Data supplied
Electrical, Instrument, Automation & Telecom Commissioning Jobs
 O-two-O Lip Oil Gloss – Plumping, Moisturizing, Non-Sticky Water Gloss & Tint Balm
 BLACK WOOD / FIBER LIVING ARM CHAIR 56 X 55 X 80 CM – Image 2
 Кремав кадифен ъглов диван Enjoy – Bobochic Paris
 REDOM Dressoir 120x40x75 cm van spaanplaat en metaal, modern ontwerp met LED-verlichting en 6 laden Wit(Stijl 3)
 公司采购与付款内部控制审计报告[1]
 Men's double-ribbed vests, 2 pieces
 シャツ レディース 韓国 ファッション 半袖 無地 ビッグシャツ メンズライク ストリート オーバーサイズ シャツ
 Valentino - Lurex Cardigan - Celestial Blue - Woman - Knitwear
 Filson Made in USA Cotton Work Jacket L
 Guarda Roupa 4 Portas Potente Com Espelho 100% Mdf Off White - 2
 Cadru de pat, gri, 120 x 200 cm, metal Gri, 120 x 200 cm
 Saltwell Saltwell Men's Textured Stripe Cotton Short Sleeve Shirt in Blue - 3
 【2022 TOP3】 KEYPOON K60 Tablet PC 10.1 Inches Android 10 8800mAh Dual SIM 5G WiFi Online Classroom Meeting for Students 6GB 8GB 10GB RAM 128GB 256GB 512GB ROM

Aim of the exercise
Verbatim reproduction is required for the line holding "BLACK WOOD /" and for every line after it in the records, with no other line included.

Written response
 BLACK WOOD / FIBER LIVING ARM CHAIR 56 X 55 X 80 CM – Image 2
 Кремав кадифен ъглов диван Enjoy – Bobochic Paris
 REDOM Dressoir 120x40x75 cm van spaanplaat en metaal, modern ontwerp met LED-verlichting en 6 laden Wit(Stijl 3)
 公司采购与付款内部控制审计报告[1]
 Men's double-ribbed vests, 2 pieces
 シャツ レディース 韓国 ファッション 半袖 無地 ビッグシャツ メンズライク ストリート オーバーサイズ シャツ
 Valentino - Lurex Cardigan - Celestial Blue - Woman - Knitwear
 Filson Made in USA Cotton Work Jacket L
 Guarda Roupa 4 Portas Potente Com Espelho 100% Mdf Off White - 2
 Cadru de pat, gri, 120 x 200 cm, metal Gri, 120 x 200 cm
 Saltwell Saltwell Men's Textured Stripe Cotton Short Sleeve Shirt in Blue - 3
 【2022 TOP3】 KEYPOON K60 Tablet PC 10.1 Inches Android 10 8800mAh Dual SIM 5G WiFi Online Classroom Meeting for Students 6GB 8GB 10GB RAM 128GB 256GB 512GB ROM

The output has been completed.